# over under



## zachary (Dec 28, 2008)

i am looking to buy an over under shotgun for a hunting trip and want to know what a good well respected or reliable over under brand is. i was thinking one of the following:
CZ Mallard
or
Savage 512 gold wing. 
i would like to know personal problems people have had with them not just what they have heard. any advice on a decent over under for less than $600 will be appreciated also.

Thanks :beer:


----------



## southdakbearfan (Oct 11, 2004)

In your price range I would personally look for a used over/under of higher quality (Browning, Beretta, Ruger, etc). Even at that price range they will be hard to find and you may have to push a few hundred higher.

I have owned both cheap/inexpensive over/under shotguns when I didn't think I could afford more (mossberg and baikal) and what I would call the entry level of upper tier over/under like the citori and red label. I can tell you, I would have been much further off never buying the cheaper ones and waiting until I could move up.

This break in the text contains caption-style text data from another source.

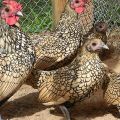 Opis i karakteristike pasmine kokoši sibright, uvjeti držanja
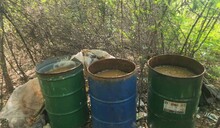 Decomisan más de 10,000 litros de bebidas alcohólicas adulteradas en Azua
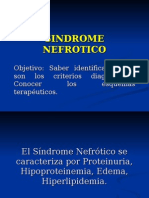 Sindrome Nefrotico y Nefritico 1208718419969943 9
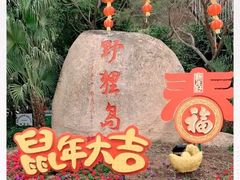 -野狸岛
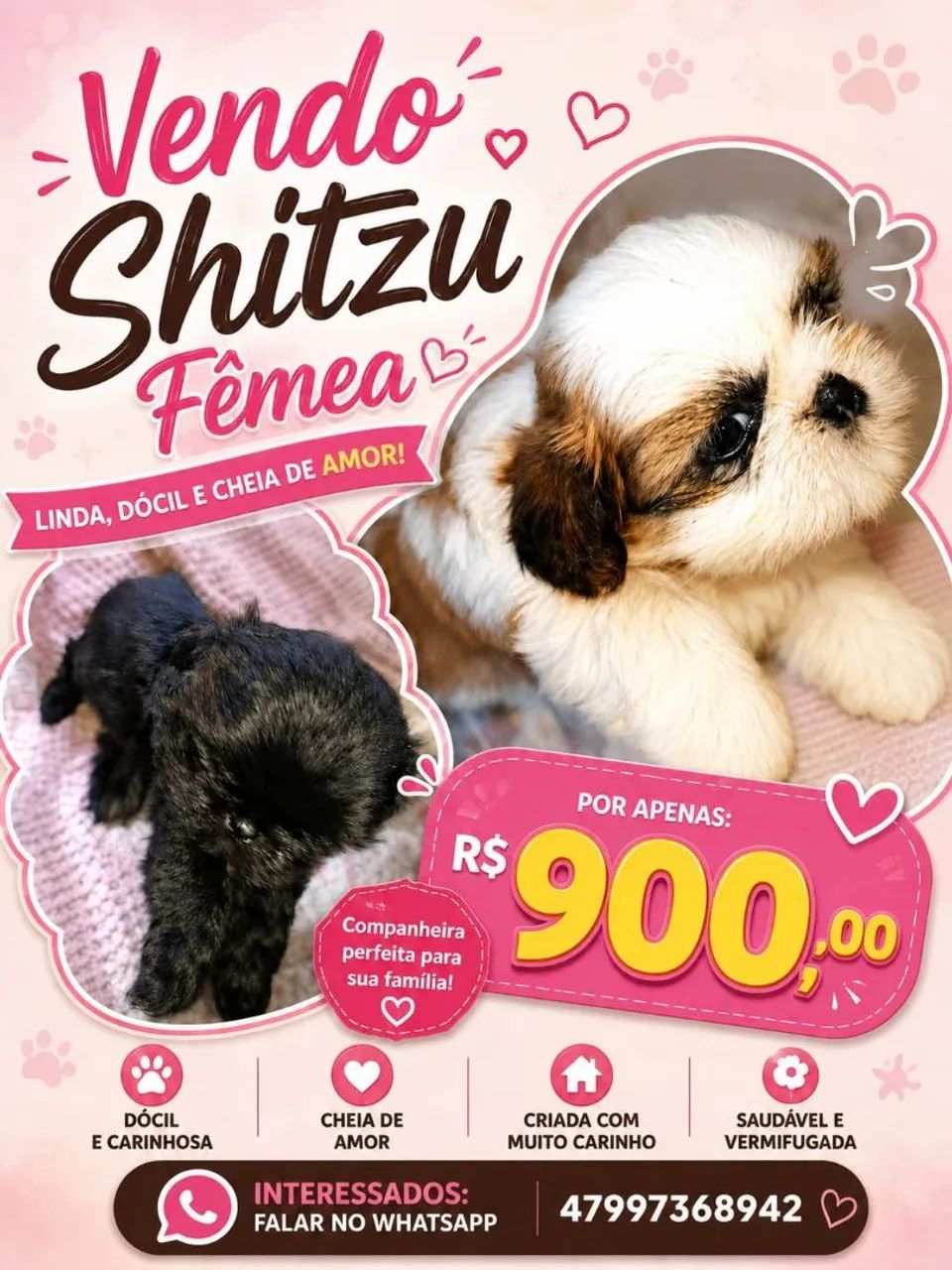 Vendo Shitzu 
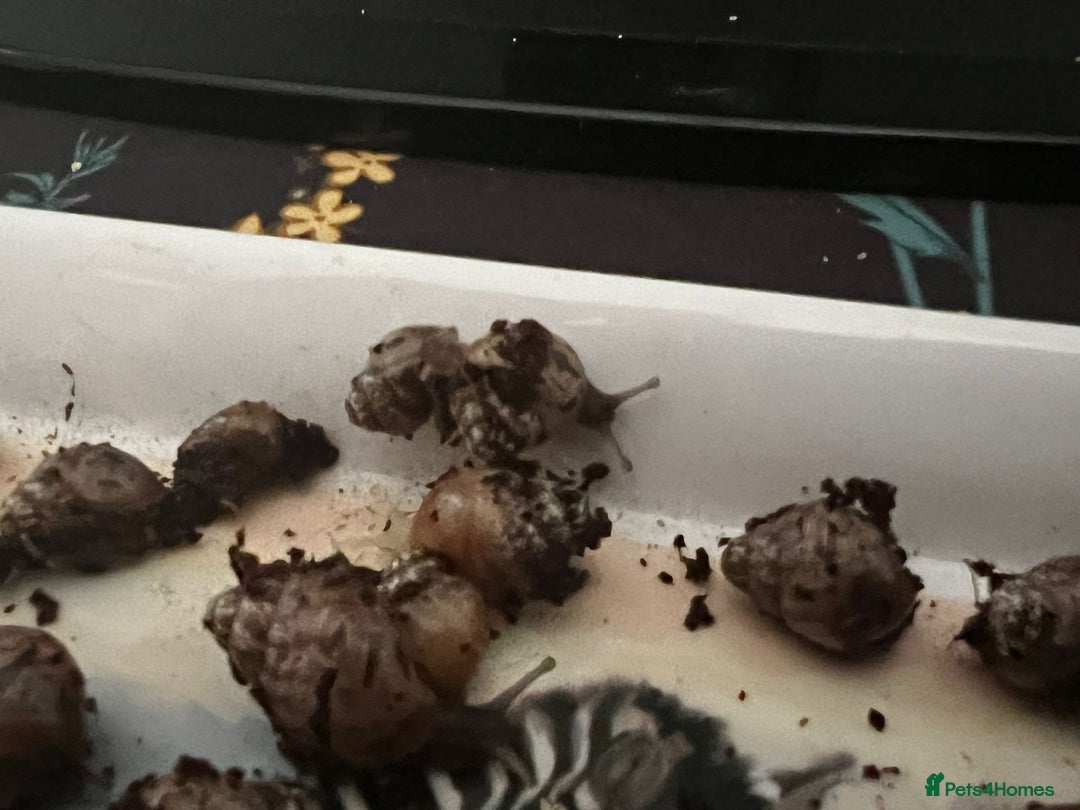 Snails invertebrates for sale: Giant African Land Snails - Image 5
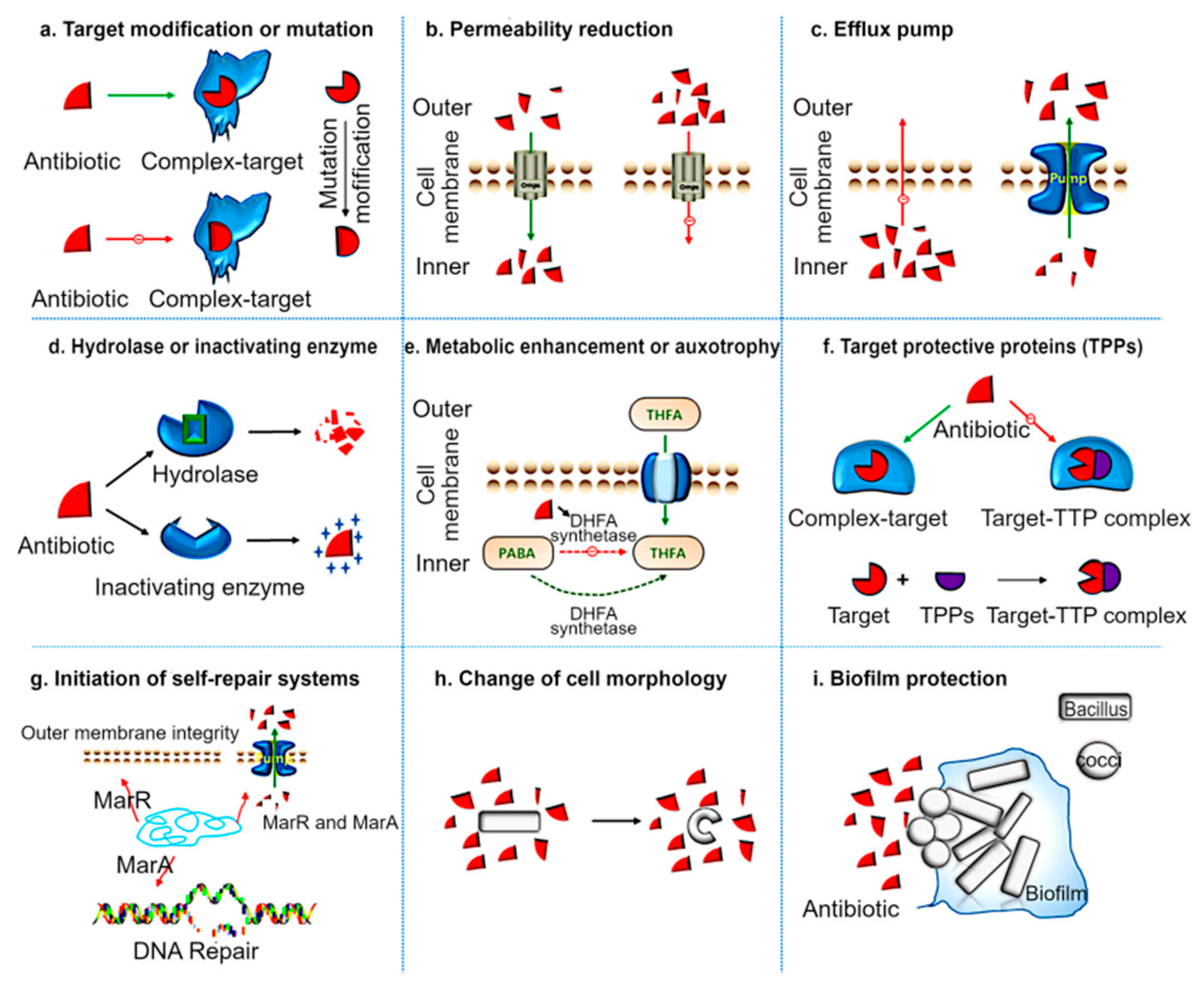 Molecules 28 07481 g001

If you hardly ever shoot, you may do fine but the more you shoot the more it shows on the inexpensive models I have been around. loose hinges, cracked stocks, firing/ejection issues, etc.

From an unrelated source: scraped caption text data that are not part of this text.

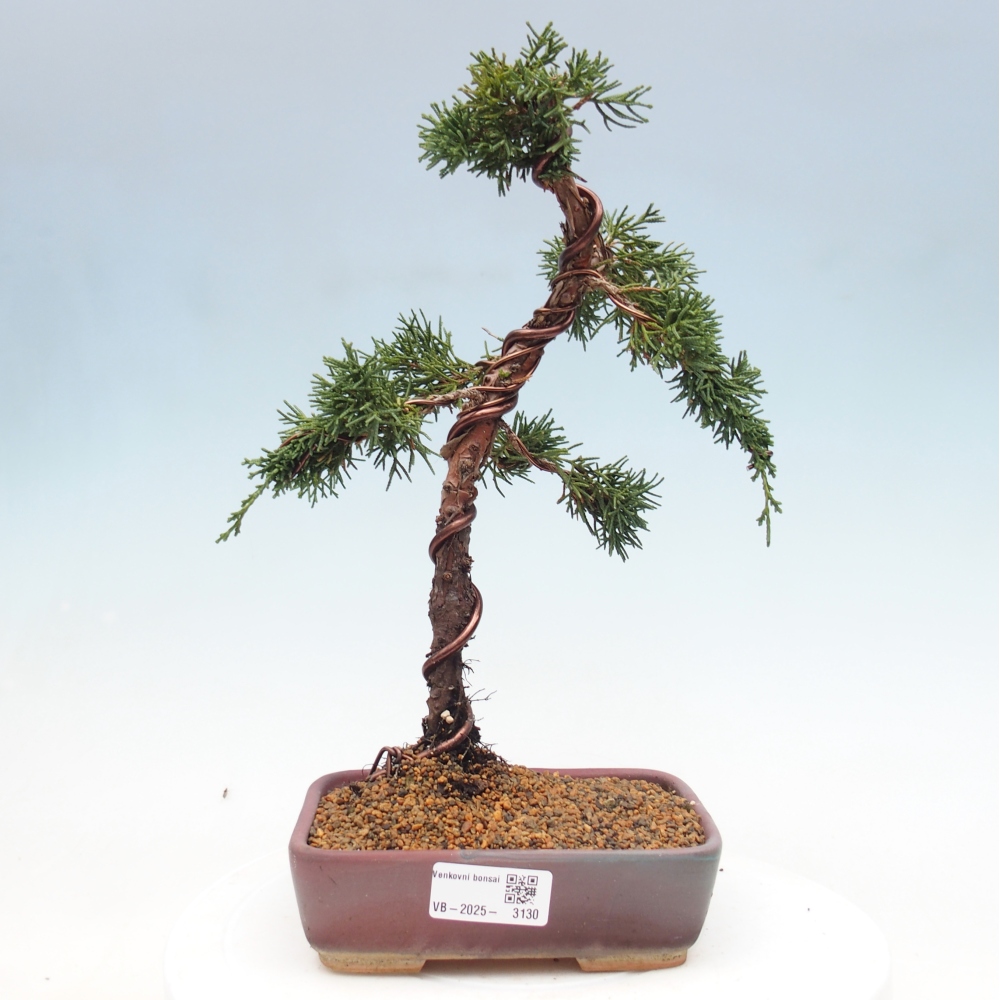 Bonsai im Freien - Juniperus chinensis Kishu - Chinesischer Wacholder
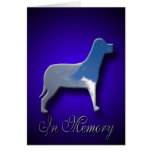 Perte de carte de sympathie de chien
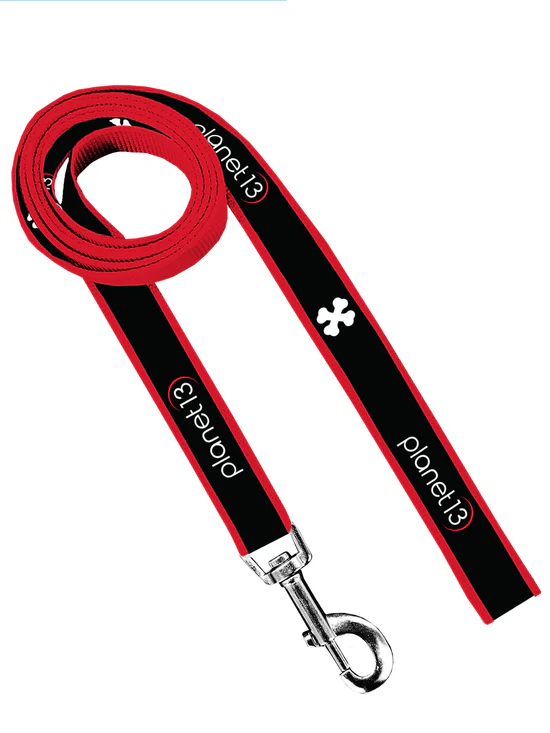 P13 Dog Leash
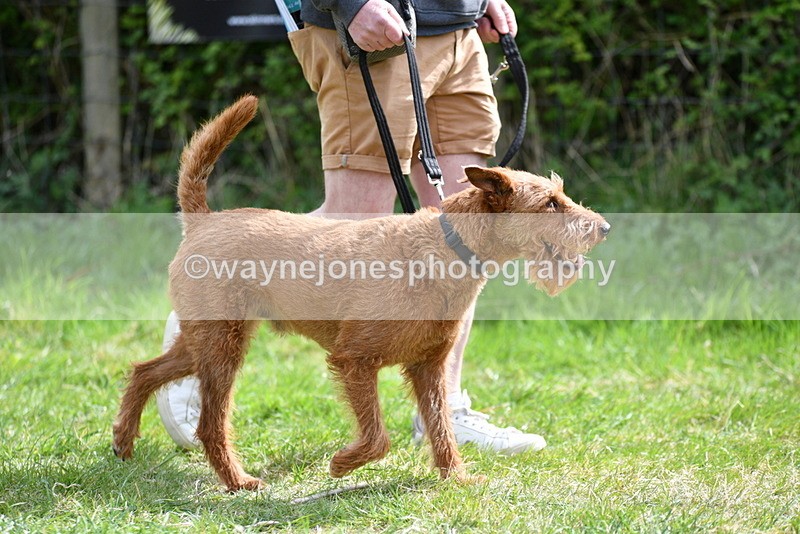 WJ5_9648 - Class 3 Most Handsome Dog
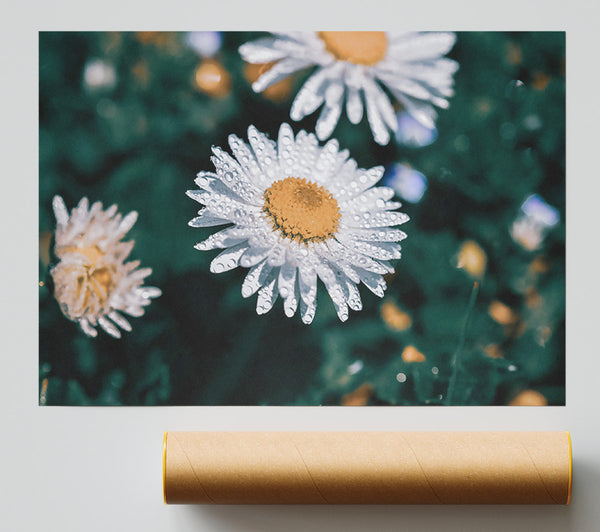 White Daisy Dewdrop Print
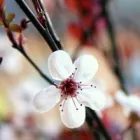 Business 1 image FOYLE DAY CARE ASSOCIATION Day Nurseries in Londonderry Co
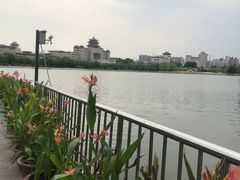 -莲花池公园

I have put over 10,000 rounds over the past 4 years through my citori, its still shows no wear on the hinge and I have had no issues whatsoever at all. I also have a ruger red label I bought used that is still nice and tight that has been fired a ton. The citori is my everything shotgun now as it is a 3 1/2" 12 and it goes from trap to doves to pheasants to duck to geese.

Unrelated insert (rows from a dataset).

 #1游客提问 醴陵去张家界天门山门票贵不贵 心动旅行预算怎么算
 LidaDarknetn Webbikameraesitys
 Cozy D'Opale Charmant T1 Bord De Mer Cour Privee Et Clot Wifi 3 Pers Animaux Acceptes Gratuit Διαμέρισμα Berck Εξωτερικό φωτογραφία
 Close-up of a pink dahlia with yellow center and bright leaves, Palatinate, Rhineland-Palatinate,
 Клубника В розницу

I can't say I have had any experience with the two brands you have listed so maybe they are a bit higher up on the quality level. But with over/under shotguns (as with most firearms and probably more-so with them) you get what you pay for.


----------



## Dick Monson (Aug 12, 2002)

I'd sure agree with the above statements. I shoot a BL-3 20 ga bought used and have had no issues with it. Also a Browning Citori Superlight Feather bought used and it is still as good as the day it was made. If you are looking for functional instead of looks, go used.


----------